In San Francisco, a Food Coworking Space Aims to Back Entrepreneurs

After their market was closed down for lack of a commercial kitchen, a group of foodies decided to Kickstart a community cooking space.

When Iso Rabins founded San Francisco’s Underground Market in 2009, he wanted to help informal food entrepreneurs—whether web designers or grandmothers, students or lawyers—share artisanal products with an audience beyond their friends and family.

The Underground Market was successful, drawing hundreds of vendors and tens of thousands of attendees and inspiring similar markets in cities across the U.S. But after just a few sessions, the market was shut down by the San Francisco Department of Public Health because most of the food was not produced in certified commercial kitchens, as city and state laws currently require.

With the market on permanent hiatus, Iso became even more determined to find a solution for entrepreneurs to make the transition from home cook to professional chef and business owner without the prohibitive costs and risks. In 2011, he started making plans to open the Forage Kitchen, an all-in-one space for food entrepreneurs—in effect, the first coworking space for food.

Like the Underground Market, the Forage Kitchen will be an incubator for small businesses—a place where entrepreneurs can produce their products legally and affordably, get advice and support from other business owners, and find new markets for their goods. Iso has turned to Kickstarter to secure additional funding for the space, raising one-fifth of his $150,000 goal since the campaign opened on May 15.

The widespread interest in the Kickstarter campaign and the Underground Market that preceded it point to a clear need for additional affordable commercial kitchen space in the Bay Area.

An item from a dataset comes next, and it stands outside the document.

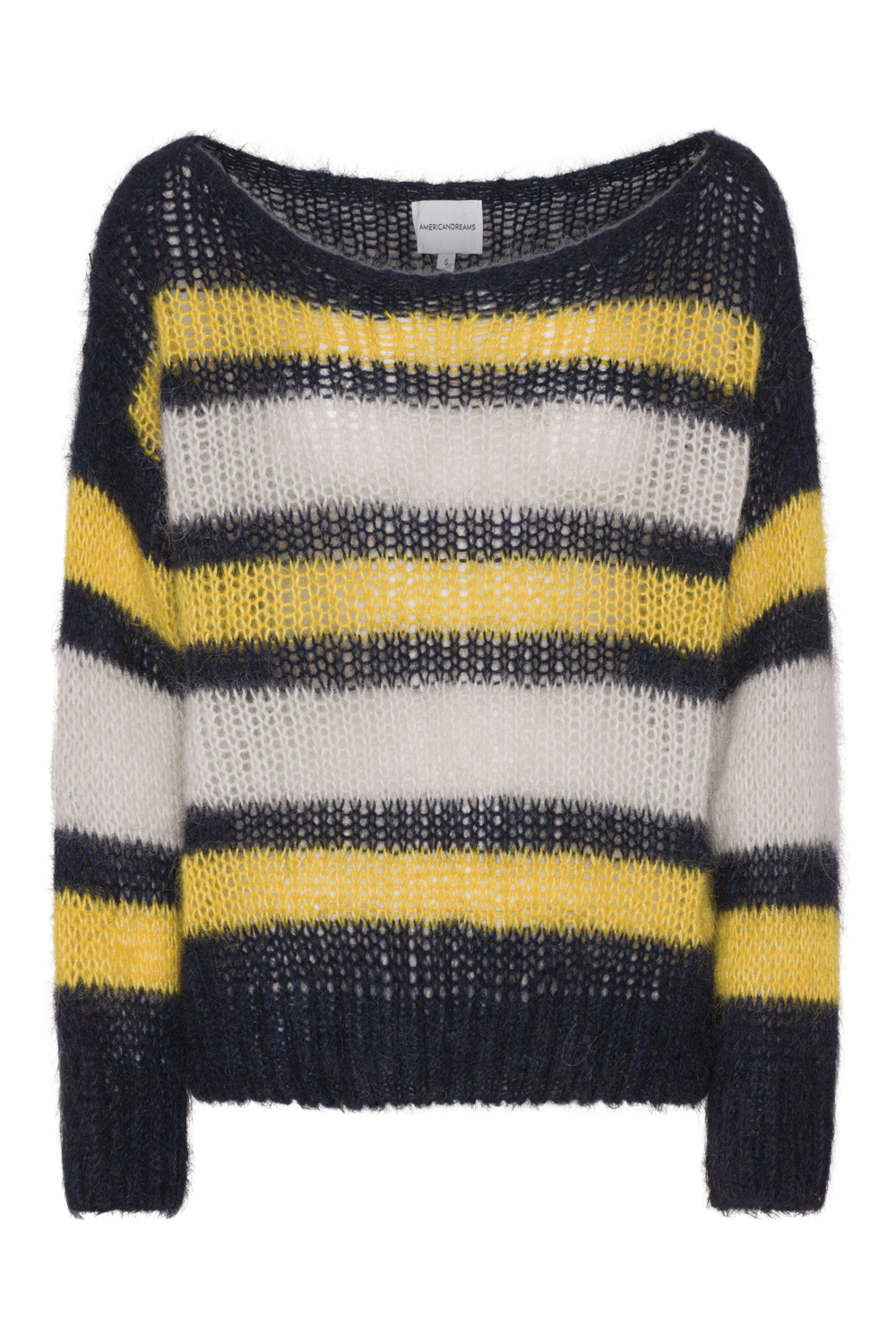Amira Knit Pullover Blue White Yellow Striped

Valerie Luu of Rice Paper Scissors, a Vietnamese street food popup and Underground Market veteran, says it would fill a necessary void. “The Forage Kitchen would provide a rare thing in this town where commissary kitchens are extremely scarce and over-booked, while the number of aspiring food entrepreneurs is growing,” she says.

Arguably even more important than kitchen space for young businesses is the community that will surround the Forage Kitchen. “The power of bringing people together for the sake of innovation, collaboration and learning is a clear benefit to aspiring business owners,” says Caleb Zigas, executive director of La Cocina, a San Francisco nonprofit business incubator that focuses on assisting low-income immigrant women formalize their food businesses.

Not only will business owners be able to exchange ideas, improve their products and gain access to new markets, they’ll have “an intentional community of food creatives who want to see each other do well,” Luu says. A community that wants to help your business grow and succeed isn't a part of most commercial kitchen spaces.

And the Forage Kitchen won’t be exclusively for food professionals. “It will be a space for all people who love food,” Iso says, offering workshops on everything from butchery to jam-making and hosting potlucks and events. It will have a café, a meat curing room, a beer brewing room, a rooftop garden, and hourly rentals of kitchen space and equipment—all available to the general public.

The decision to open the space to the public is part of what makes the Forage Kitchen’s approach unique. Not only will this help strengthen the community around the 10 to 30 businesses that will call the Forage Kitchen home, it will provide additional revenue streams beyond commercial kitchen space rentals. This flexible and community-minded approach supports Iso’s goal of “creating a space that will be a vibrant part of the city’s landscape and support people trying to live their dreams.”

Though the scope of its services is unique, Forage Kitchen is part of a larger network of kitchens all across the US that are dedicated to supporting small food businesses. “There are now over 225 kitchens in the U.S. that offer short-term rentals and many are true incubators for start-ups with mentoring programs and classes just like La Cocina and the Forage Kitchen here in SF,” says Dave Stockdale, executive director of the Center for Urban Education about Sustainable Agriculture.

As part of the growing local food movement, these incubator kitchens are crucial to strengthening local economies. “The rise of the small-scale food entrepreneur has provided powerful indicators of a demand not only to share the food that people make but also to create new ways of making a living selling that food,” Zigas says.